The process of preparing the Strategic Vision began in May 2002, with the drafting of the Terms of Reference and monitoring of the preliminary study entitled "Materializing the Strategic Vision for the City of Lisbon", in collaboration with McKinsey & Company, with Prof. João Ferrão as external consultant.

The Strategic Vision followed on from the previous Strategic Plan (1992) and was intended to be a benchmark for the executive's policies, having been drawn up in parallel with the start of the 1994 PDM Revision work. Using the methodology and basic values of traditional strategic planning, it was decided to objectively define a reduced set of key ideas and structuring axes that embodied what was called a Strategic Vision for the city.

This was not really a Second Strategic Plan for Lisbon, as its preparation would have required greater involvement from the main economic and social agents and sectors, both public and private, through a joint working methodology, in which the necessary consensus is developed around the selection of projects and the respective programming and financing of the actions to be undertaken, in the context of shared leadership and established cooperation mechanisms between all the agents and institutions involved in a Planning Council.

It is also worth noting the absence of a Participatory Council structure in the city of Lisbon, whose creation proposal (Proposal no. 541/2002 approved by the CML in 2003/02/05) was not approved by the Lisbon Municipal Assembly.

It should also be noted that, in view of the new framework provided by the Law on the Basis of Territorial Planning and Urbanism Policy (LBPOTU, Law no. 48/98, of August 11), the Municipal Master Plans now embody the local development strategy, which meant that it was no longer considered imperative to draw up a Second Strategic Plan.

In this context, the Strategic Vision - Lisbon 2012 systematized the strategic planning process in Lisbon, developed from 2002 onwards, and was intended to be a forward-looking document regarding the conduct of local spatial planning policy and the city's urban development. The fundamental idea was to develop a document that would guarantee the coherence of the city's urban development axes and the permanence in time and space of some structuring municipal policies, avoiding development obstacles resulting from the change, with the change of mandates, and consequently of the values and policies that supported the city's basic strategy.

The Strategic Vision for Lisbon 2012 aimed to qualify and modernize the city and project Lisbon to the highest positions in the ranking of the best cities to live, work and invest in, and is supported by four Urban Development Axes:

  • Lisbon, City of Neighborhoods
  • City of Entrepreneurs
  • City of Cultures
  • City of Modernity and Innovation

The urban intervention strategy along these axes of development was based on strategic guidelines and actions covering various themes and social, historical, cultural, environmental, economic, technological, etc. dynamics. Although the analysis is carried out separately, it was not intended to dissociate the objectives underlying the four axes, with the interventions taking on a transversal character to be conducted in an integrated manner.
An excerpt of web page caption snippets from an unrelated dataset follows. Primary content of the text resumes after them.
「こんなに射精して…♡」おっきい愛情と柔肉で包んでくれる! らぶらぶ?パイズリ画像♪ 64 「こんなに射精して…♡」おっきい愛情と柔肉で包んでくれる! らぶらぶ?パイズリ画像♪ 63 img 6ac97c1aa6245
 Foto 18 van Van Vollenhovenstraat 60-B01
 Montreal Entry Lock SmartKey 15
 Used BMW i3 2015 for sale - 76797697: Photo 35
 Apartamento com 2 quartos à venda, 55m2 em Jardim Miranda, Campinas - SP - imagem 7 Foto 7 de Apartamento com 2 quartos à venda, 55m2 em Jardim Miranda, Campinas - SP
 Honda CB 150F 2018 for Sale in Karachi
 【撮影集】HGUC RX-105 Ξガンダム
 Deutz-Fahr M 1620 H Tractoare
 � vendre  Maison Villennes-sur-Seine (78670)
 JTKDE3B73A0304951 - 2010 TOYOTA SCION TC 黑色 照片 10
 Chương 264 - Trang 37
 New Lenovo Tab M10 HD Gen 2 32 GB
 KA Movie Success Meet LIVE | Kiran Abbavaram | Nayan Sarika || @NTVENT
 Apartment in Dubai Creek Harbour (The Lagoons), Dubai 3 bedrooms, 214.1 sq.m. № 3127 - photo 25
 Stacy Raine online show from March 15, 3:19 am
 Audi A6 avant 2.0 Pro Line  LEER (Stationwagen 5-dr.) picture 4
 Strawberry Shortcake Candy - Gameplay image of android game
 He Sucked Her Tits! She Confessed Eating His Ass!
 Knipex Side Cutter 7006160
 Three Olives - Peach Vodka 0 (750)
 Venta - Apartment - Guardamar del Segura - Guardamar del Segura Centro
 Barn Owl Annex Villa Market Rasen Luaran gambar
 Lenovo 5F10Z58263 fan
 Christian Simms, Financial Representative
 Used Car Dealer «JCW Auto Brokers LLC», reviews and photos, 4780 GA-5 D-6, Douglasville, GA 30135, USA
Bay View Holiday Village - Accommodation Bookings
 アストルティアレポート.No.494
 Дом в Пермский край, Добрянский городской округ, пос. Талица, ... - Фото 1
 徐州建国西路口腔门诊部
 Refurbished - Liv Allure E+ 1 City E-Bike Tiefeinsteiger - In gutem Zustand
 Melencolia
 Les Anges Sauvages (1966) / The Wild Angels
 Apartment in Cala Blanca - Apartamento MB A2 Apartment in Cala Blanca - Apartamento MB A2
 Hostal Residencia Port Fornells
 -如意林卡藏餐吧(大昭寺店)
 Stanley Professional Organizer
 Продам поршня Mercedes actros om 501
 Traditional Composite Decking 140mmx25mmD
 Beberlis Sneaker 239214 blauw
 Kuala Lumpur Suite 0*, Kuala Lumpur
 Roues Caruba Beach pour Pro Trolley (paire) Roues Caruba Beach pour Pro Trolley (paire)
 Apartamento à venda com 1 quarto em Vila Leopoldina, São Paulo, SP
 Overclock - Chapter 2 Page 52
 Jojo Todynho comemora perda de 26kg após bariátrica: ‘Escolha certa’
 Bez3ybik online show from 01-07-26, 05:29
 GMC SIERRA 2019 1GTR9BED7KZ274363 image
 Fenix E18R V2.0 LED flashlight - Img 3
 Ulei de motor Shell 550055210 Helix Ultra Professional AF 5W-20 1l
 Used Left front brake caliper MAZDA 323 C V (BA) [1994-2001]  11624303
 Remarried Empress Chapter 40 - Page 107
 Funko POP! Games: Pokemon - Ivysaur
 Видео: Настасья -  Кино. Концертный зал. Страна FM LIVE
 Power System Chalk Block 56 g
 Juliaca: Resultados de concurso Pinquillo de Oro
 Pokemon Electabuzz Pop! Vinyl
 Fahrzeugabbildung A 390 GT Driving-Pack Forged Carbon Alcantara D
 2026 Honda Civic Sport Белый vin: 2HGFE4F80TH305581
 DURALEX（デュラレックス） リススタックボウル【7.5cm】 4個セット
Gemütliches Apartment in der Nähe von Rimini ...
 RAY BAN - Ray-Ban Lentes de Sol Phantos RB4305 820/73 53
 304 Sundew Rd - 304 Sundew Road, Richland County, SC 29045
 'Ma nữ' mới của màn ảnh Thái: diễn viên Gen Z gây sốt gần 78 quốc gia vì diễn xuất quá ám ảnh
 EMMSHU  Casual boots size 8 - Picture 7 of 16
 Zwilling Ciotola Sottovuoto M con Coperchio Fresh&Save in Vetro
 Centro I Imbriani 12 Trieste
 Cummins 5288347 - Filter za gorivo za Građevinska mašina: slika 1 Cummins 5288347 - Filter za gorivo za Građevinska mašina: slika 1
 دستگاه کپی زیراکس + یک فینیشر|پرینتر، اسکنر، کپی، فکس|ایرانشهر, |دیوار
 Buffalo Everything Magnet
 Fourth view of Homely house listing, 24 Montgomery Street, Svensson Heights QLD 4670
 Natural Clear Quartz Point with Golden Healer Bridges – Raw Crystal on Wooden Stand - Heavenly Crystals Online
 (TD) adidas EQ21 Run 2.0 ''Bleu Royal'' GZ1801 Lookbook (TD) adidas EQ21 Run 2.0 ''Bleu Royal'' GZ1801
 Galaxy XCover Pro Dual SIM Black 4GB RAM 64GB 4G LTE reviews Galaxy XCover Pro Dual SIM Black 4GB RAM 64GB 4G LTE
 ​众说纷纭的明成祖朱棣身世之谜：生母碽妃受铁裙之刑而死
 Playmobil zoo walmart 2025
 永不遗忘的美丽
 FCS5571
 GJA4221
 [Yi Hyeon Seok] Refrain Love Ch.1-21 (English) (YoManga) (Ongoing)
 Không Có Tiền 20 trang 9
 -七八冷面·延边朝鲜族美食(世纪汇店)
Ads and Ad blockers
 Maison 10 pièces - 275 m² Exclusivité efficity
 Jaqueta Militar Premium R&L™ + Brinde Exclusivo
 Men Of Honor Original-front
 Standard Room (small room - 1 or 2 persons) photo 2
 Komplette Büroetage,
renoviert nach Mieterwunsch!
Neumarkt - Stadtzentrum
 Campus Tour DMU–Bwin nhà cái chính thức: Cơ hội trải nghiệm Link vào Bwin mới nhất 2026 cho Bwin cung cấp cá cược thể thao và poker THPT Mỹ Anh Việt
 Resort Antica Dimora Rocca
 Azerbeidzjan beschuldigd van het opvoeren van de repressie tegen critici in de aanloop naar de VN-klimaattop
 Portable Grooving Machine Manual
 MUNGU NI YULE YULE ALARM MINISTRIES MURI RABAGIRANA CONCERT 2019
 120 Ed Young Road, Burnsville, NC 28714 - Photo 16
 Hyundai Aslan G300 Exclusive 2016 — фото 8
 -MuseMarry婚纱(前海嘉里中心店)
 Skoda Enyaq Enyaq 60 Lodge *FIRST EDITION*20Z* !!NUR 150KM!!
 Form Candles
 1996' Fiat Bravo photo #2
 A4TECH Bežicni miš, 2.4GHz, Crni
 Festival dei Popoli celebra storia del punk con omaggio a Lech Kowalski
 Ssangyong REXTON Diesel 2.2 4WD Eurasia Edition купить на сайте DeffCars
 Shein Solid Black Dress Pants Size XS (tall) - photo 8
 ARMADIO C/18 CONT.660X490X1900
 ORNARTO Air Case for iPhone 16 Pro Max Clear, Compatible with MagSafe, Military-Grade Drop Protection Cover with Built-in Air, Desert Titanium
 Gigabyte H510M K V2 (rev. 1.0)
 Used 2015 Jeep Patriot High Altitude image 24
From the definition of the Mission and Development Axes, to the production of recommendations and strategic guidelines in different areas and the drafting of planning measures and actions, it was widely participated in, through the adoption of a participatory methodology (twelve thematic workshops of focused participation) and the promotion of various meetings and discussion forums relating to the Revision of the Municipal Master Plan. The contributions and opinions recorded were very useful for outlining sectoral measures and strategies in the different areas of urban development.

The Lisbon Strategic Charter aims to respond to the current challenges in city planning. To envision the future, planning and realizing what we all want for Lisbon today.